Without the pictures, repeat all of the data exactly as it appears below.

DATA PROVIDED:
↓↓↓

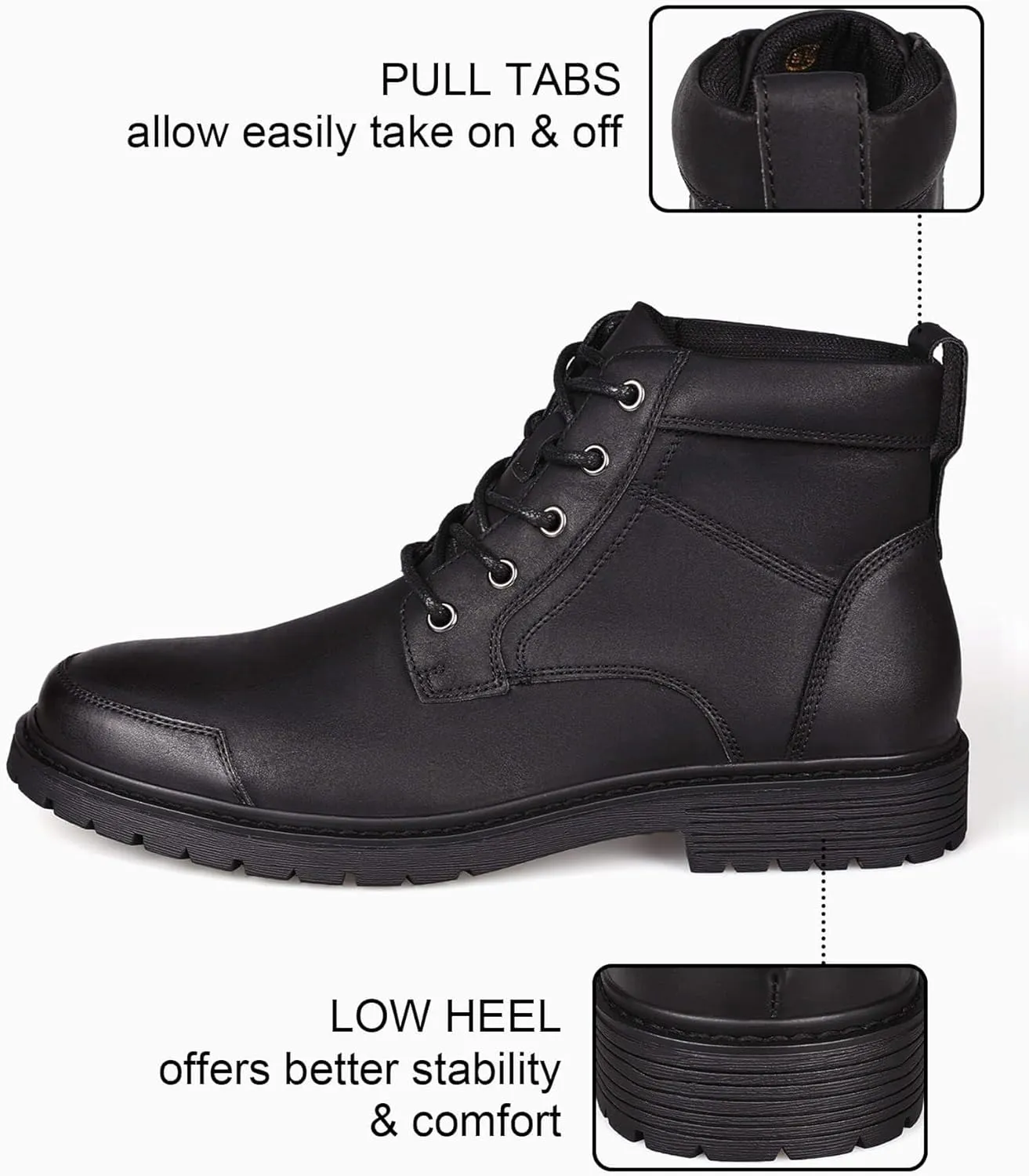 Coutgo Men's Chukka Boots Lace Up Motorcycle Boots Non-Slip Sole Work Waterproof Dress Ankle Boots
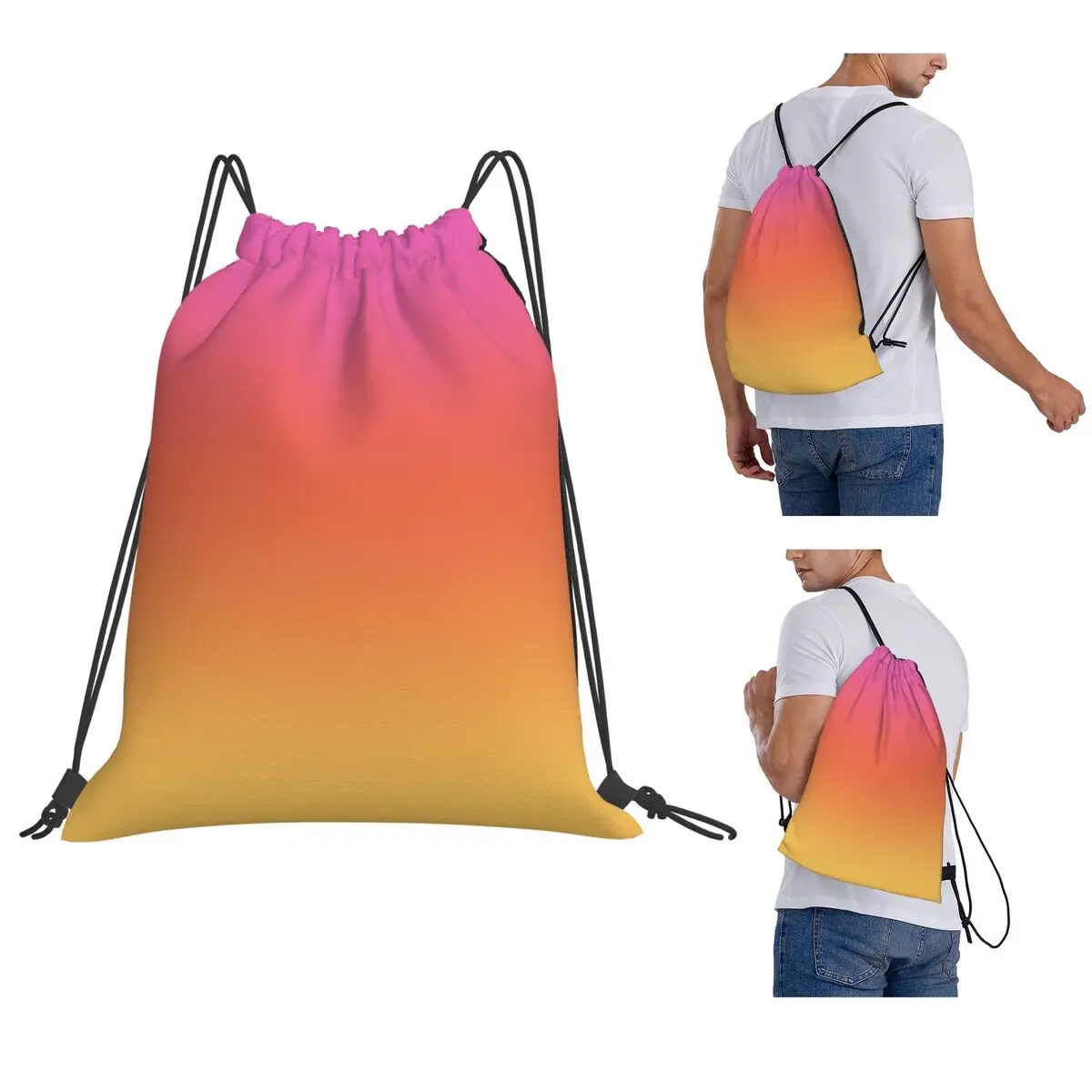 Pink Orange Yellow Gradient Pattern Backpacks Multi-function Drawstring Bundle Pocket Storage Bag Book Bags for Man Woman School
Pink Orange Yellow Gradient Pattern Backpacks Multi-function Drawstring Bundle Pocket Storage Bag Book Bags for Man Woman School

↑↑↑

YOUR SOLUTION:
 Coutgo Men's Chukka Boots Lace Up Motorcycle Boots Non-Slip Sole Work Waterproof Dress Ankle Boots
 Pink Orange Yellow Gradient Pattern Backpacks Multi-function Drawstring Bundle Pocket Storage Bag Book Bags for Man Woman School
Pink Orange Yellow Gradient Pattern Backpacks Multi-function Drawstring Bundle Pocket Storage Bag Book Bags for Man Woman School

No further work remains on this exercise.